<<<<
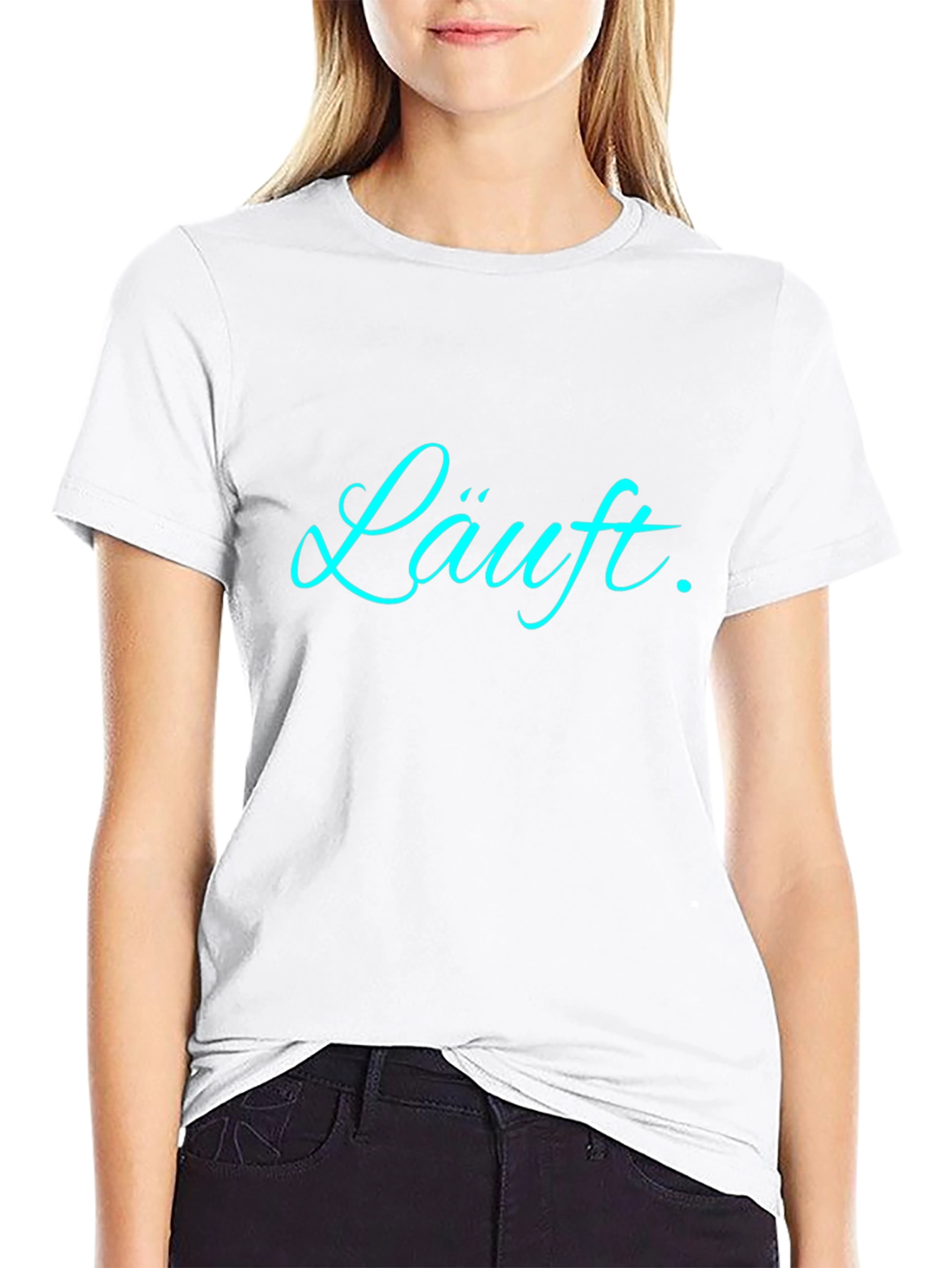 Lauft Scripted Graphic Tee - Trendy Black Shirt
>>>>
<<<<
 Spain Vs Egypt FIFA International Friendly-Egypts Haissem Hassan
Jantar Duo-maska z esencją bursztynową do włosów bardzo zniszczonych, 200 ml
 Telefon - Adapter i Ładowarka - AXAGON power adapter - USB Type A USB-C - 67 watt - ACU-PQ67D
>>>>
<<<<
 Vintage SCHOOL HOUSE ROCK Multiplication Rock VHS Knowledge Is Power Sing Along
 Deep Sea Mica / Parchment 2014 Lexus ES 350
>>>>
What this task involves: Repeat word for word the lines above that run from the line containing "Jantar Duo-maska z" through the line containing "Telefon - Adapter", both ends included, and nothing else.

Task answer:
Jantar Duo-maska z esencją bursztynową do włosów bardzo zniszczonych, 200 ml
 Telefon - Adapter i Ładowarka - AXAGON power adapter - USB Type A USB-C - 67 watt - ACU-PQ67D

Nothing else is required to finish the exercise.